1/2 lb sushi-grade tuna

1/4 cup chopped scallions

2 tbsp white onion, thinly sliced

1 tbsp soy sauce (low-sodium option)

1/2 tsp sesame oil

1/4 tsp sriracha sauce

1 small, 4-ounce avocado (peeled, seeded, and cubed)

1 medium mango (peeled, seeded, and cubed)

1/2 medium cucumber (peeled, seeded, and thinly sliced)

2 scallions, thinly sliced

1 small jalapeno pepper, thinly sliced

1 cup cooked brown rice, white rice, or quinoa


For garnish:

1 tbsp chopped roasted macadamia nuts (optional)

1 tsp toasted sesame seeds

Lime wedges


  1. Cut pat-dried tuna into 3/4-inch cubes.
  2. Place tuna in a medium-sized bowl, and toss with scallions, onions, soy sauce, sesame oil, and sriracha sauce. Set aside.
  3. In two bowls, layer half with rice (or quinoa), half the tuna, mango, avocado, cucumber, jalapeno, and scallions.
  4. Top with macadamia nuts and sesame seeds. Serve with lime wedges and extra sauce if desired.

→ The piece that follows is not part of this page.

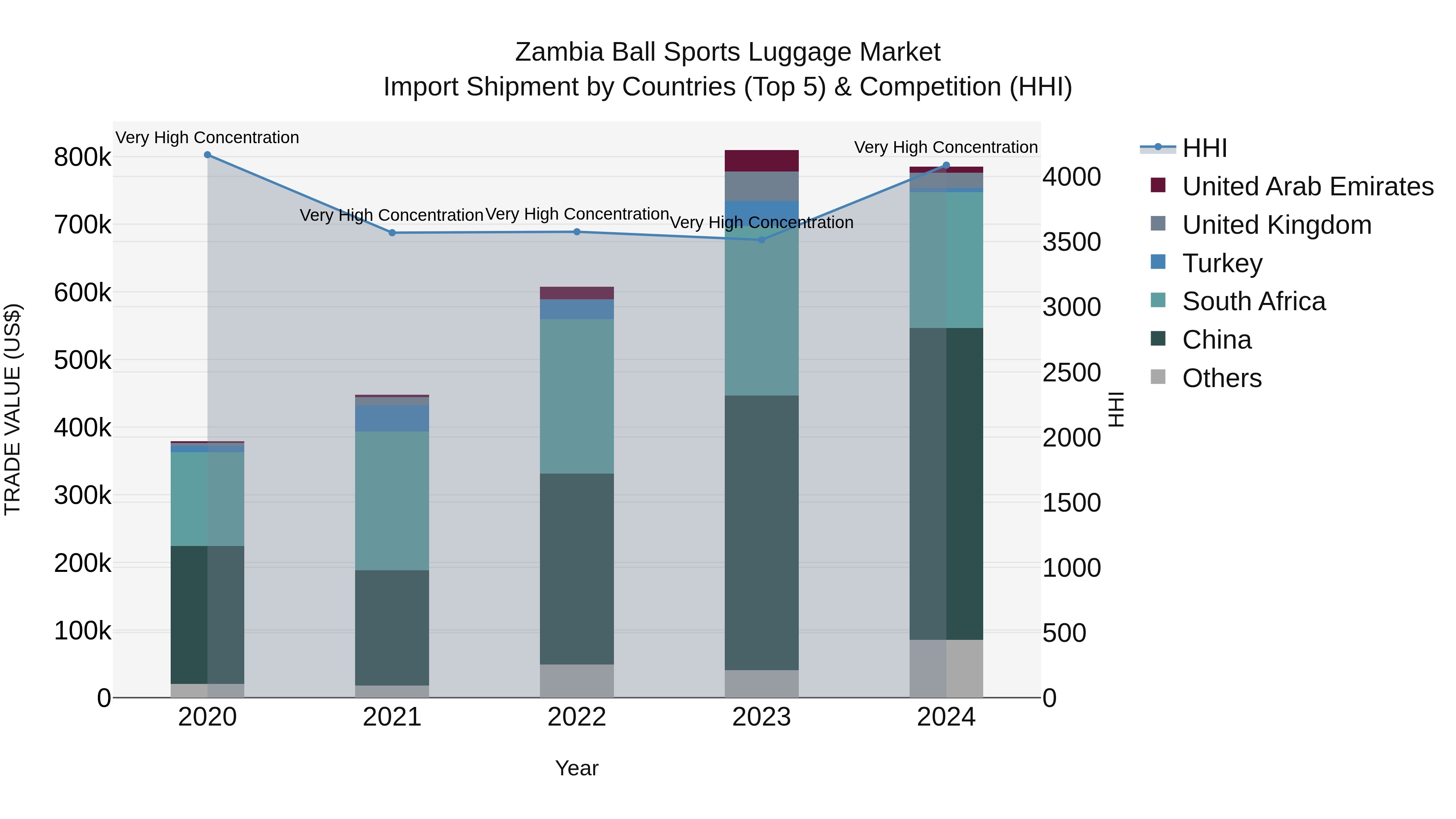 Zambia Ball Sports Luggage Market: Top 5 Importing Countries and Market Competition (HHI) Analysis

2. Traditional Hawaiian-Style Poke Shots

Prep Time: 10 minutes         Cook Time: 10 minutes         Serves:8


2 large sushi-grade ahi tuna steaks

1/2 cup chopped green onion

1 shallot, sliced

3 tbsp low-sodium soy sauce

1 tbsp sesame seeds

1 tsp chili-garlic sauce

1 tsp sesame oil



  1. Pat tuna dry, then cut into 1/2-inch cubes. Place in a medium-sized bowl.
  2. Add in green onion, shallots, soy sauce, sesame seeds, chili-garlic sauce, and sesame oil. Gently toss.
  3. Transfer poke to eight shot glasses. Serve immediately, or cover and refrigerate.

3. Salmon Poke in Chili-Garlic Sauce

Prep Time: 3-4 hours    Cook Time: 15 minutes           Serves: 3-4


For Chili-Garlic Water:

4 small red chilies, finely minced

1 clove garlic, smashed

2 tsp rice vinegar

1 1/2 tsp salt

1/2 tsp chili flakes

1/2 cup water


For Salmon:

1 lb sushi-grade salmon

2 tbsp low-sodium soy sauce

1 1/2 tbsp chili-garlic water

1 tbsp sriracha sauce

1 tsp sesame oil


For the Final Dish:

1/2 cup onion, thinly sliced

8 roasted cashews

1/2 tbsp toasted sesame seeds

1 1/2 tbsp low-sodium soy sauce, more if needed (to taste)

1 tbsp chili-garlic water

2 tsp chili flakes

1 1/2 tsp sesame oil

2 tbsp scallion, finely diced

2 avocados

Steamed white short-grain rice


For Chili-Garlic Water:

  1. Place minced chilies in a jar with smashed garlic, rice vinegar, salt, and chili flakes.
  2. Combine well and let the mixture sit for 10 minutes.
  3. Bring 1/2 cup of water to a boil and pour into the jar.
  4. Let sit at room temperature for two to three hours.


For Salmon Poke:

  1. Pat salmon dry and cut into bite-sized cubes. Place salmon in a large bowl.
  2. Add in soy sauce, chili-garlic water, sriracha, and sesame oil.
  3. Combine well and cover in plastic wrap; refrigerate for 20 minutes.


For Assembly:

  1. Soak sliced onions in cold water for five minutes. Drain.
  2. Use a stone mortar to pound and grind cashews and sesame seeds to a coarse powder consistency.
  3. Remove marinated salmon from fridge and add onions, ground sesame/cashew powder, soy sauce, chili-garlic water, chili flakes, and sesame oil. Blend well and store in fridge for another hour.
  4. Cook rice and place in bowls. Place salmon and diced avocado over rice and sprinkle with toasted sesame seeds. Drizzle with more chili-garlic water.